The Great Depression began with the Great Crash of 1929. By 1931, unemployment had reached 16 percent.

By 1933, 89 percent of stock value had been wiped out, the economy had shrunk by one-third, thousands of banks had closed, a third of the money supply had vanished, and unemployment had reached 25 percent—among heads of households. And in those days, there was no unemployment insurance, no Medicare, no Medicaid, no Social Security, no welfare.

FDR’s answer: vast federal spending, tough new regulations on business and higher taxes—like Herbert Hoover before him, only more so.

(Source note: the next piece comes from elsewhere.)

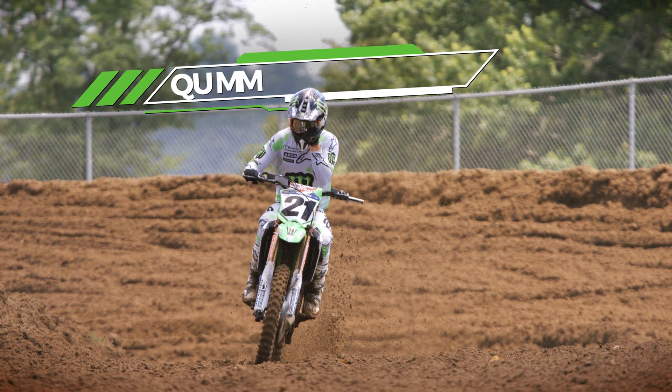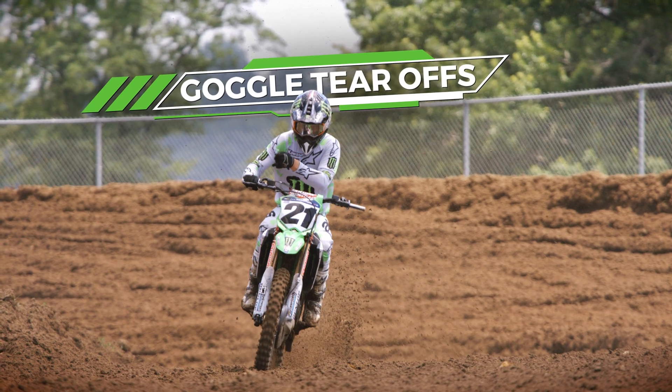Super motocross is a dirty sport. The riders are constantly having dirt and mud obscuring their vision. With no windshield washers or wiper blades, the riders must rely on a clear pack of film called tear-offs.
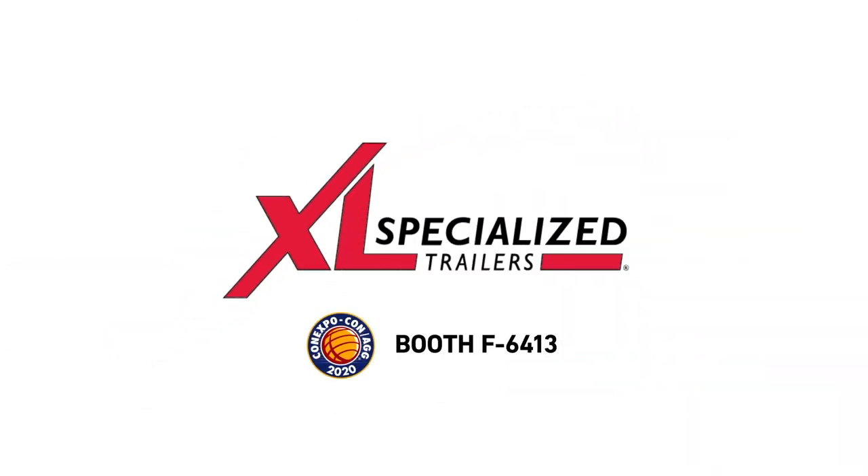Head to our website, www.xlspecializetrailer.com, for more information.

The Depression lasted until war orders from the Allies brought U.S. industry back to life. Before 1940, not once did unemployment fall below 14 percent. In May 1939, Treasury Secretary Henry Morgenthau testified:

We are spending more money than we have ever spent before, and it does not work. … I want to see this country prosperous. I want to see people get a job. I want to see people get enough to eat. We have never made good on our promises. … I say after eight years of this administration we have just as much unemployment as when we started … and an enormous debt, to boot.

Politically, the New Deal was a smashing success, with FDR’s landslides in 1932, 1934 and 1936 virtually wiping out the GOP.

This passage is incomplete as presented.